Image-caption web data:
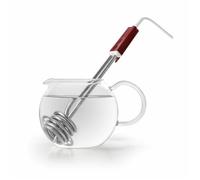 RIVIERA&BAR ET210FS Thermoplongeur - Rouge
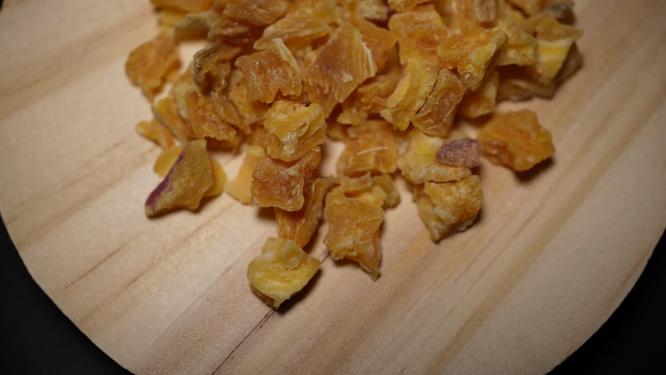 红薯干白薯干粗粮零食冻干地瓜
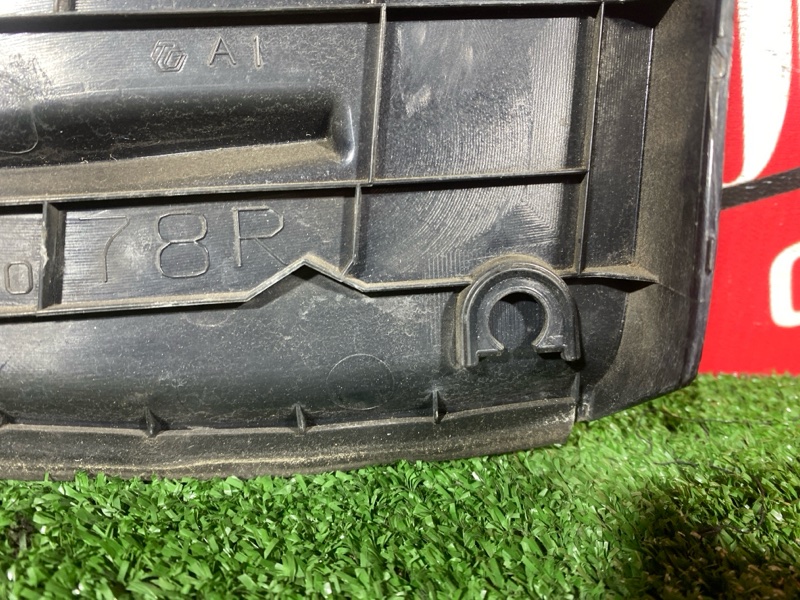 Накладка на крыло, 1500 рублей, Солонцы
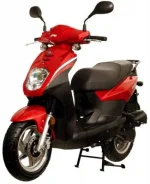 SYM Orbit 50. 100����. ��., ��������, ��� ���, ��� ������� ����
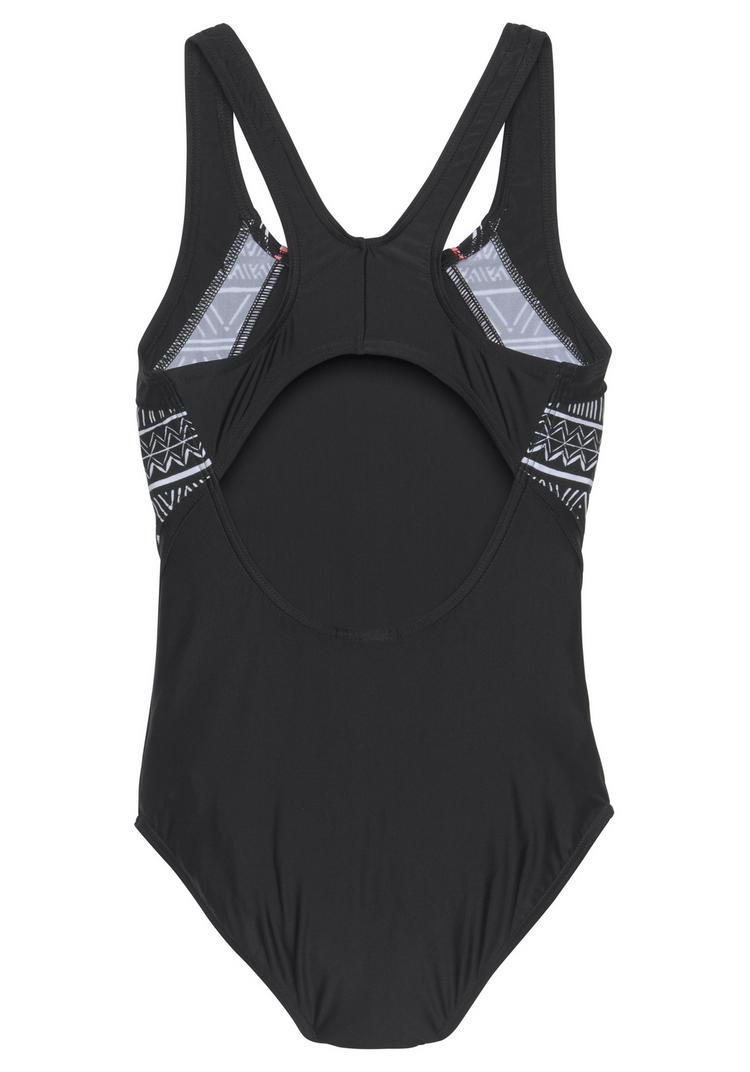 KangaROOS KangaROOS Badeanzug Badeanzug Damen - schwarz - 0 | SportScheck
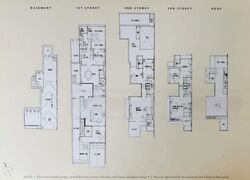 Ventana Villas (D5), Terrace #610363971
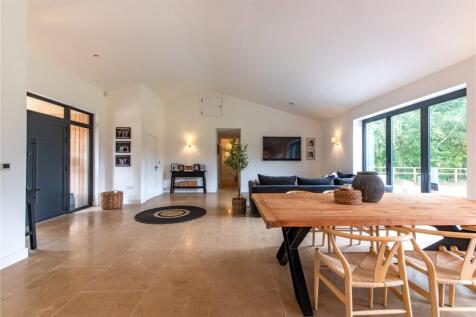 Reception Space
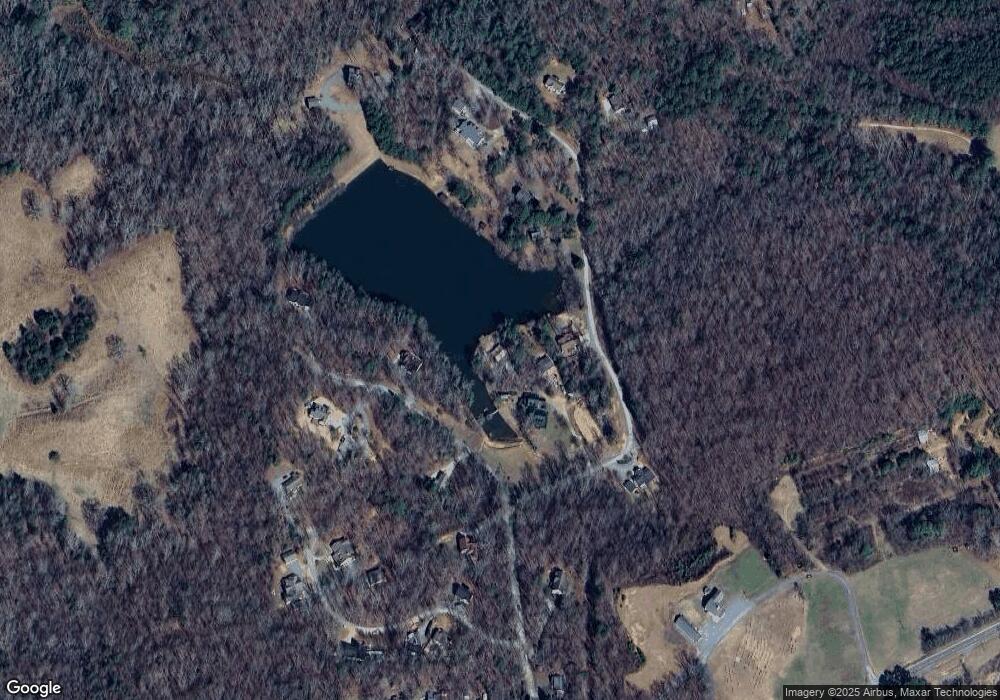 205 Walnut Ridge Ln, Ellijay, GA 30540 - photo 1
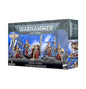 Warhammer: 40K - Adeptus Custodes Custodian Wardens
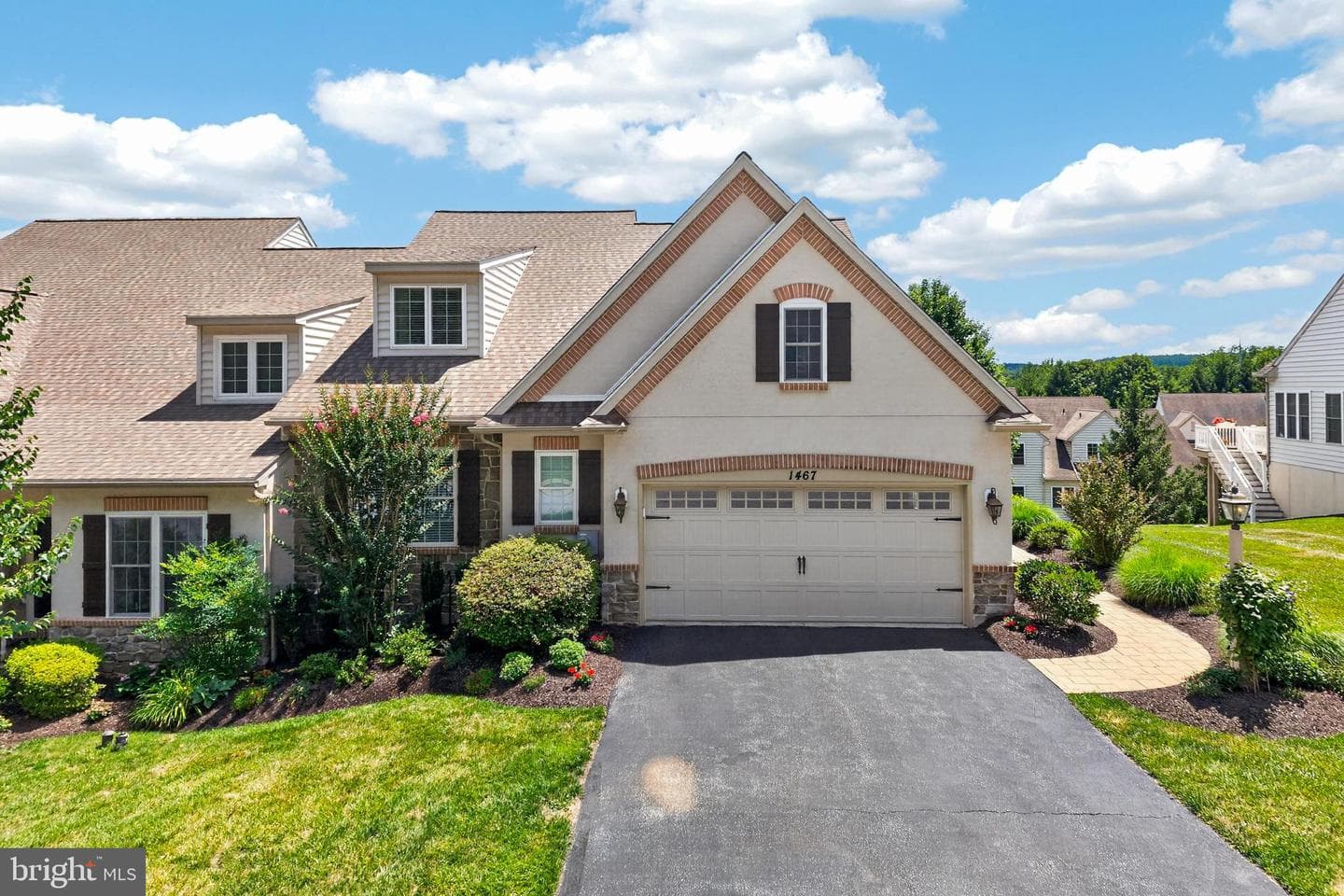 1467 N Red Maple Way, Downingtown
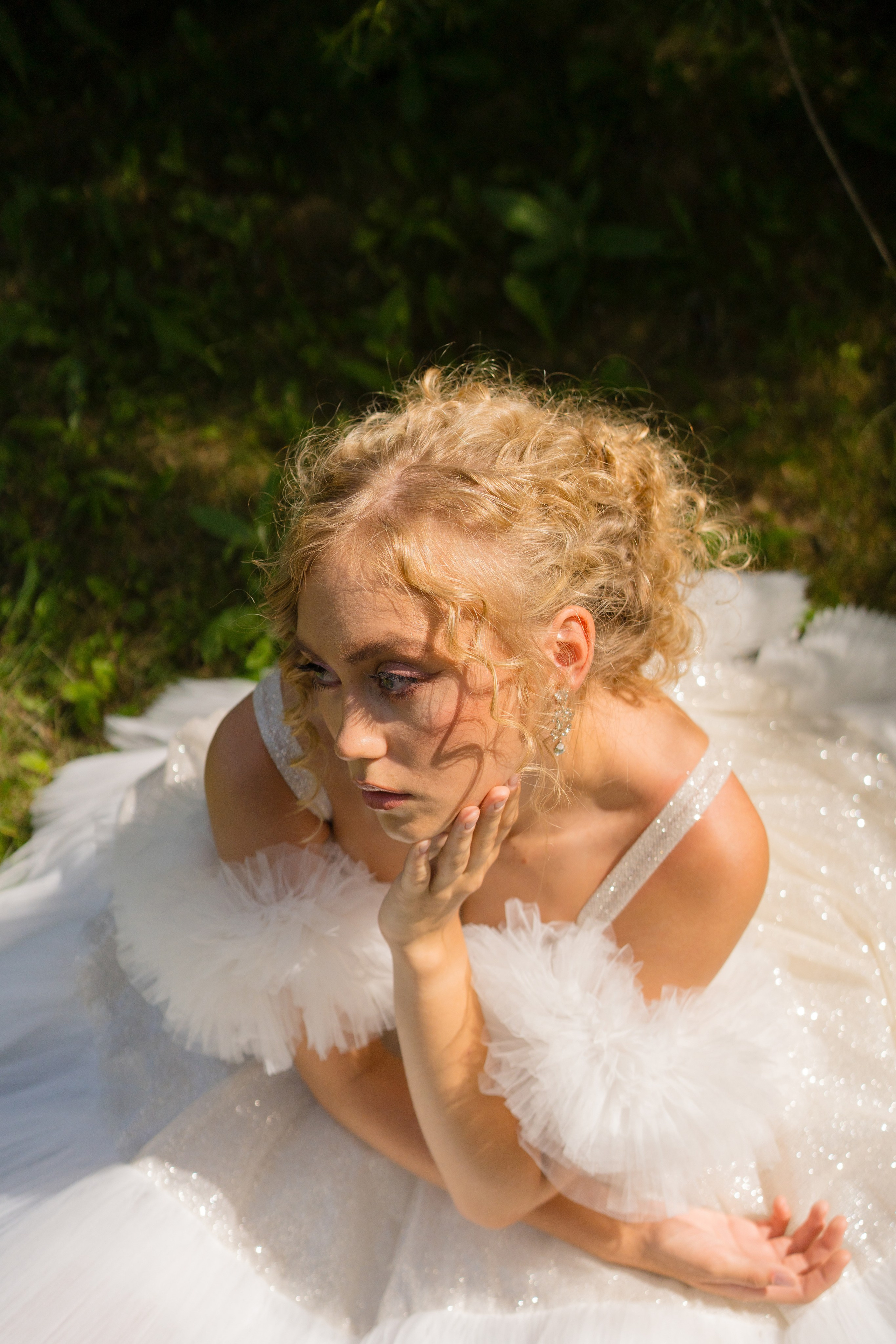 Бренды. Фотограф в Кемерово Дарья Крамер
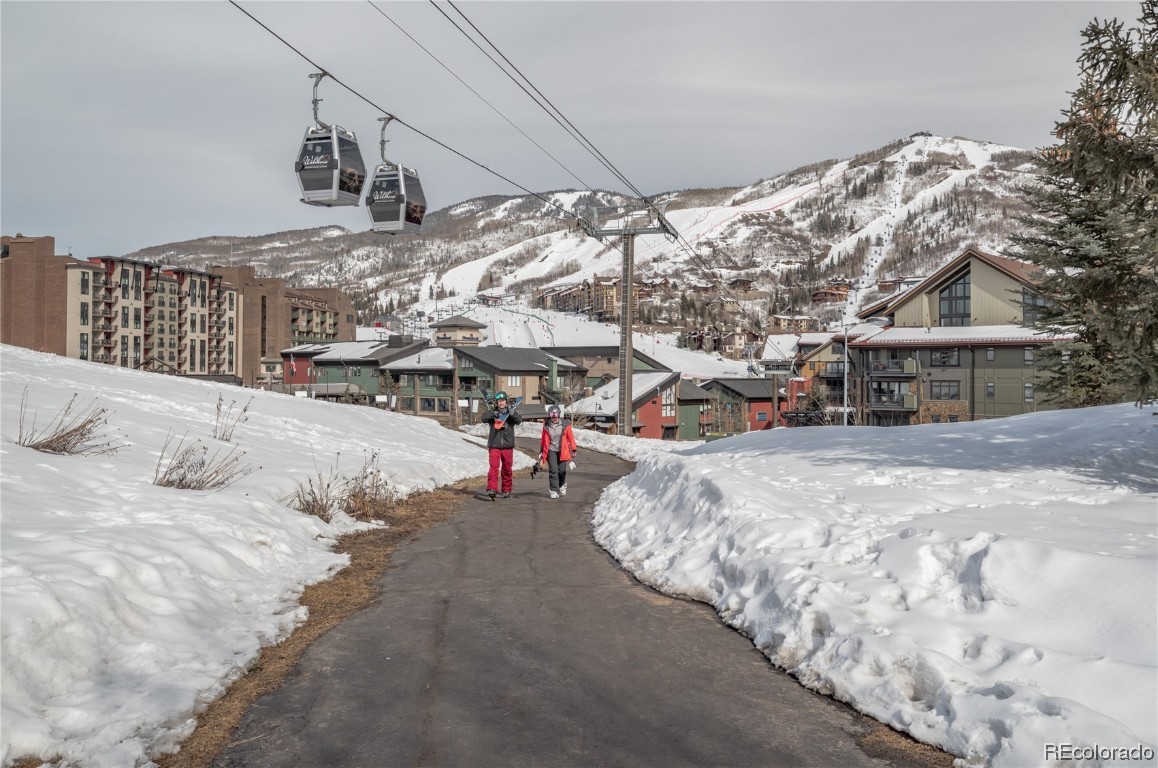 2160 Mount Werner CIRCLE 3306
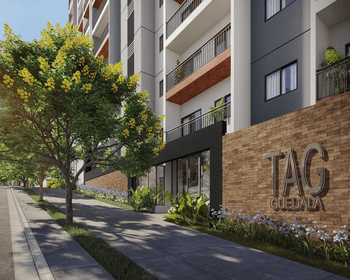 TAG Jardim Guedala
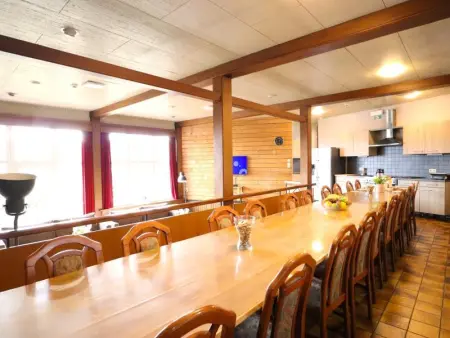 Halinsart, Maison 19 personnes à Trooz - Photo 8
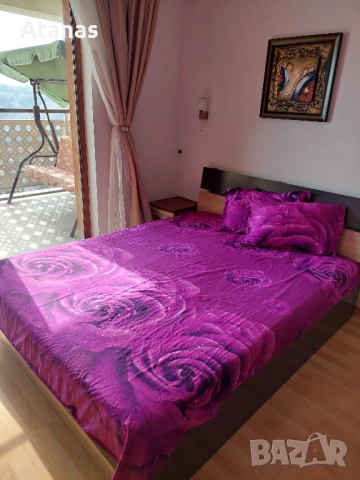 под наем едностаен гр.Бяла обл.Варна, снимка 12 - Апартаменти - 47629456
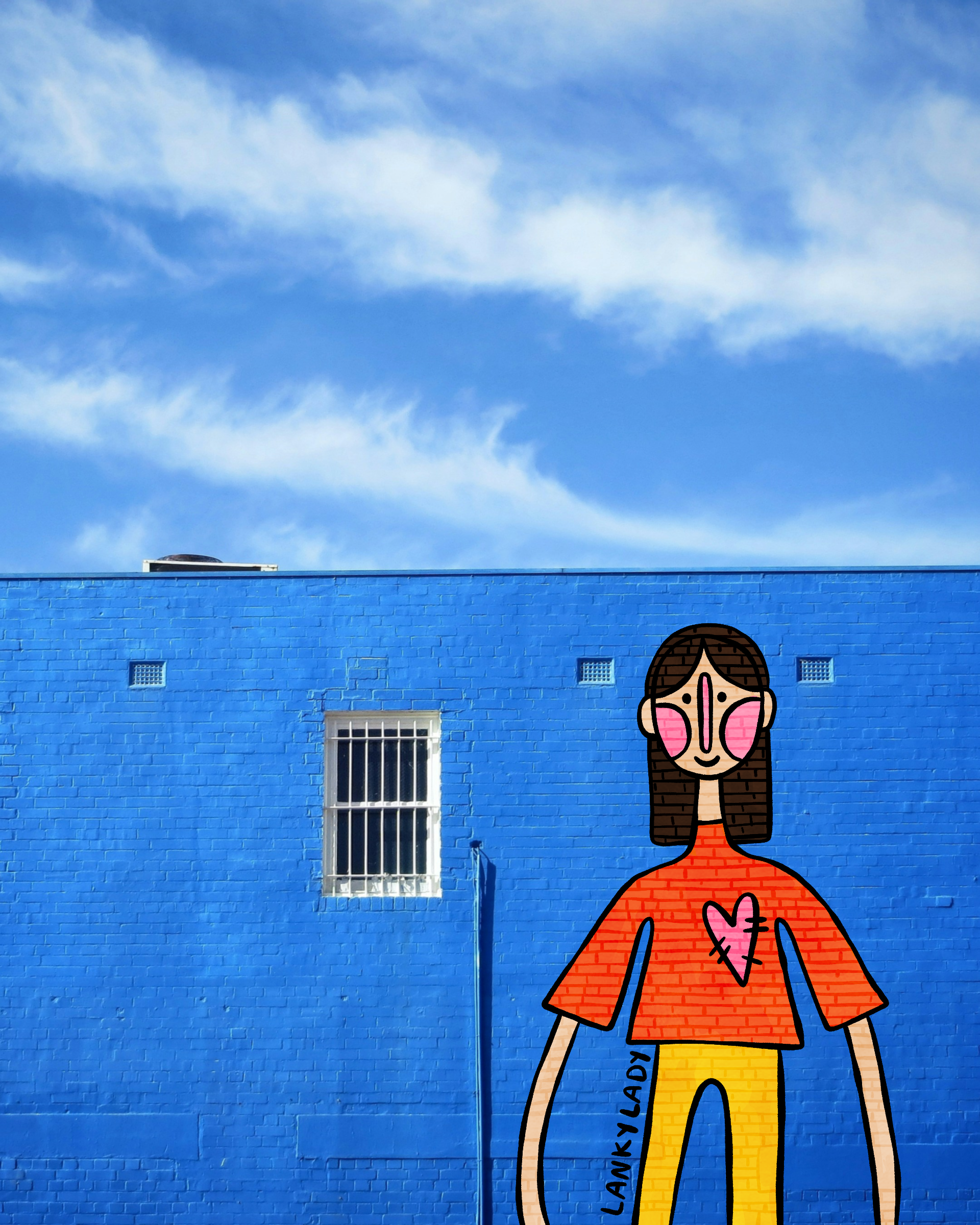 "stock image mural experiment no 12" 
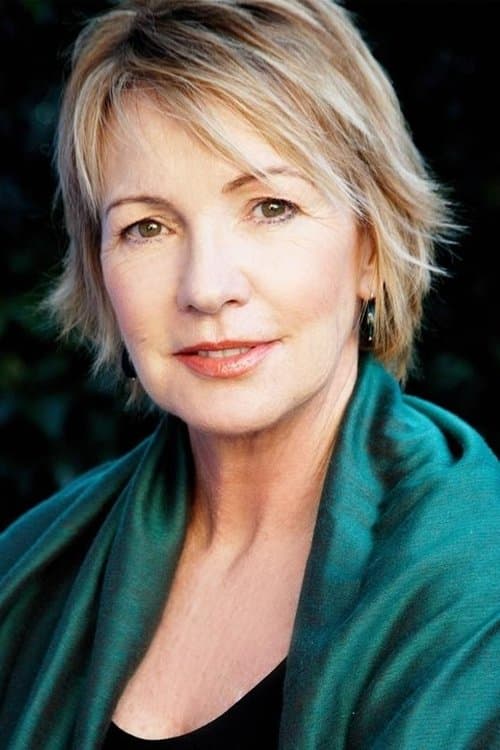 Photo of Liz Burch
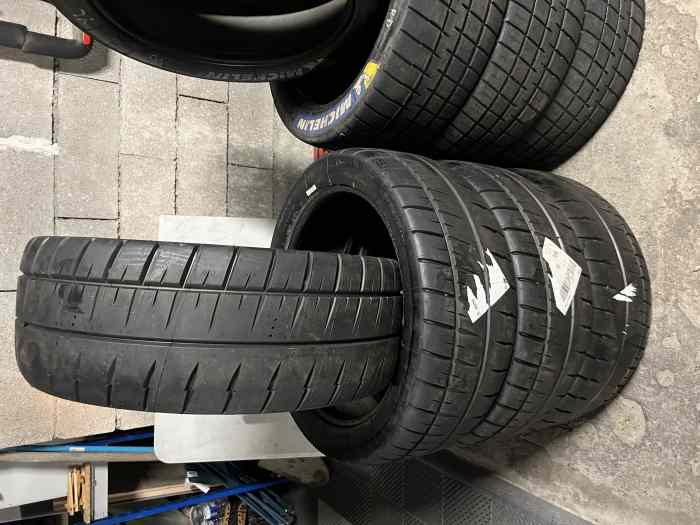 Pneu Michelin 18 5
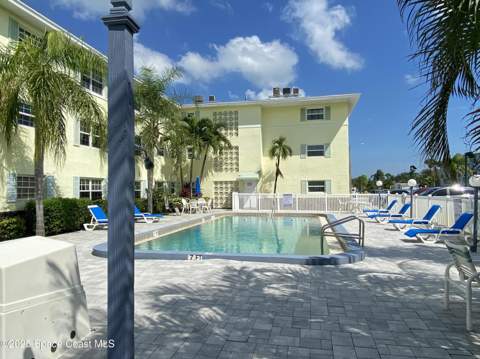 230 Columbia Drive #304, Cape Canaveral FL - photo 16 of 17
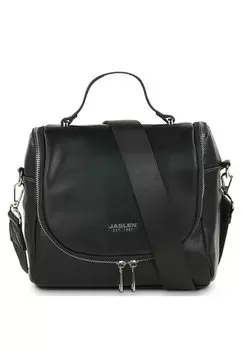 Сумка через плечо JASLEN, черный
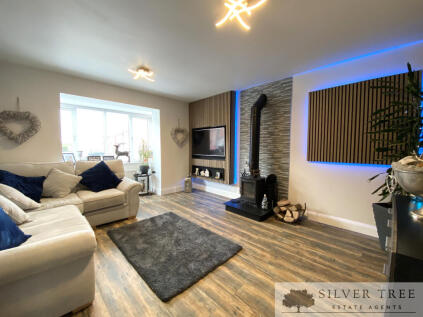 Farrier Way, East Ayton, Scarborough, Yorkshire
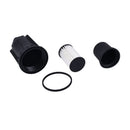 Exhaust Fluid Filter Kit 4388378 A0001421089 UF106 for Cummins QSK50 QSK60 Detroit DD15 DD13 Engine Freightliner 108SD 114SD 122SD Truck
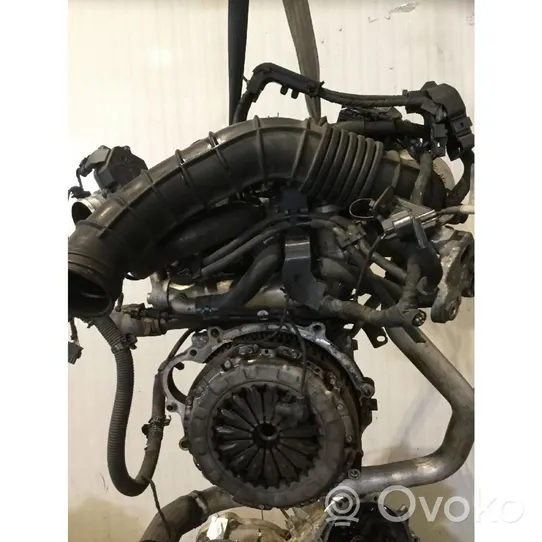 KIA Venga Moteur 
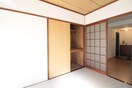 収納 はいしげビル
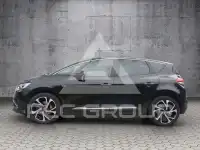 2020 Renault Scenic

▶ _Exercise aim_
Since the pictures don't belong in the copy, copy only the rest of the entries above exactly.

▶ _Response to this task_
 RIVIERA&BAR ET210FS Thermoplongeur - Rouge
 红薯干白薯干粗粮零食冻干地瓜
 Накладка на крыло, 1500 рублей, Солонцы
 SYM Orbit 50. 100����. ��., ��������, ��� ���, ��� ������� ����
 KangaROOS KangaROOS Badeanzug Badeanzug Damen - schwarz - 0 | SportScheck
 Ventana Villas (D5), Terrace #610363971
 Reception Space
 205 Walnut Ridge Ln, Ellijay, GA 30540 - photo 1
 Warhammer: 40K - Adeptus Custodes Custodian Wardens
 1467 N Red Maple Way, Downingtown
 Бренды. Фотограф в Кемерово Дарья Крамер
 2160 Mount Werner CIRCLE 3306
 TAG Jardim Guedala
 Halinsart, Maison 19 personnes à Trooz - Photo 8
 под наем едностаен гр.Бяла обл.Варна, снимка 12 - Апартаменти - 47629456
 "stock image mural experiment no 12" 
 Photo of Liz Burch
 Pneu Michelin 18 5
 230 Columbia Drive #304, Cape Canaveral FL - photo 16 of 17
 Сумка через плечо JASLEN, черный
 Farrier Way, East Ayton, Scarborough, Yorkshire
 Exhaust Fluid Filter Kit 4388378 A0001421089 UF106 for Cummins QSK50 QSK60 Detroit DD15 DD13 Engine Freightliner 108SD 114SD 122SD Truck
 KIA Venga Moteur 
 収納 はいしげビル
 2020 Renault Scenic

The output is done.